**Information given**
++++++

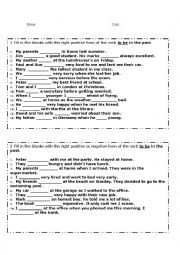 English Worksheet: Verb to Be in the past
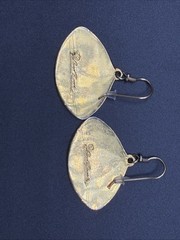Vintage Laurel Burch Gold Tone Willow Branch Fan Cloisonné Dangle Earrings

++++++

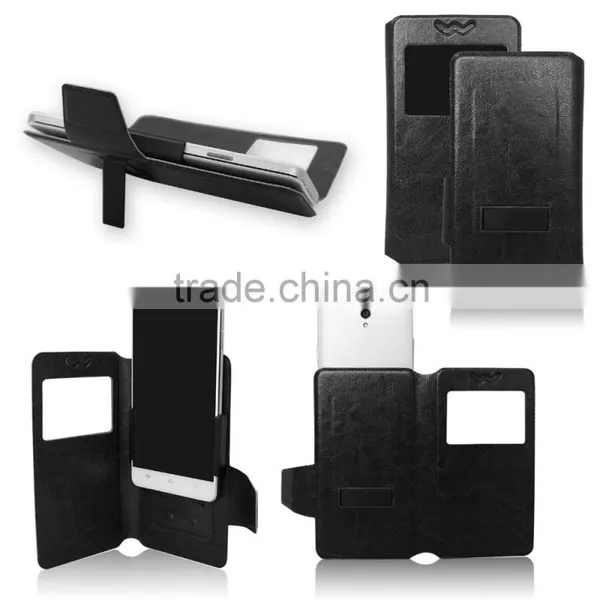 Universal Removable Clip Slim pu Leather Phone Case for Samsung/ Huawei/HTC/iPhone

++++++

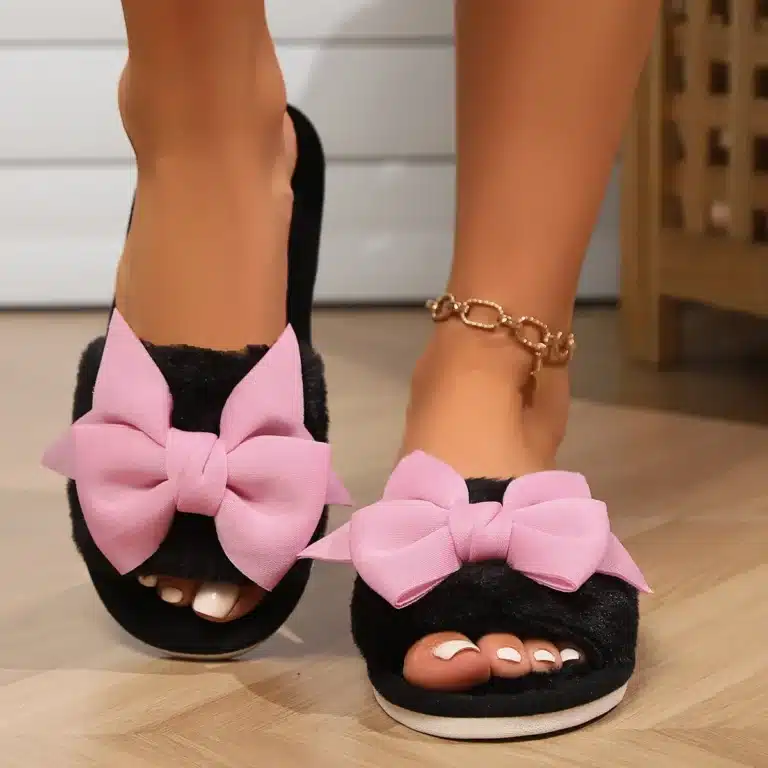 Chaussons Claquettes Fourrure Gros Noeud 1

++++++

**Task prompt**
Print, exactly, each line above from the one with "English Worksheet: Verb to Be in the past" to the one with "Vintage Laurel Burch", end lines included. Leave pictures out of it.

**Answer below**
 English Worksheet: Verb to Be in the past
Vintage Laurel Burch Gold Tone Willow Branch Fan Cloisonné Dangle Earrings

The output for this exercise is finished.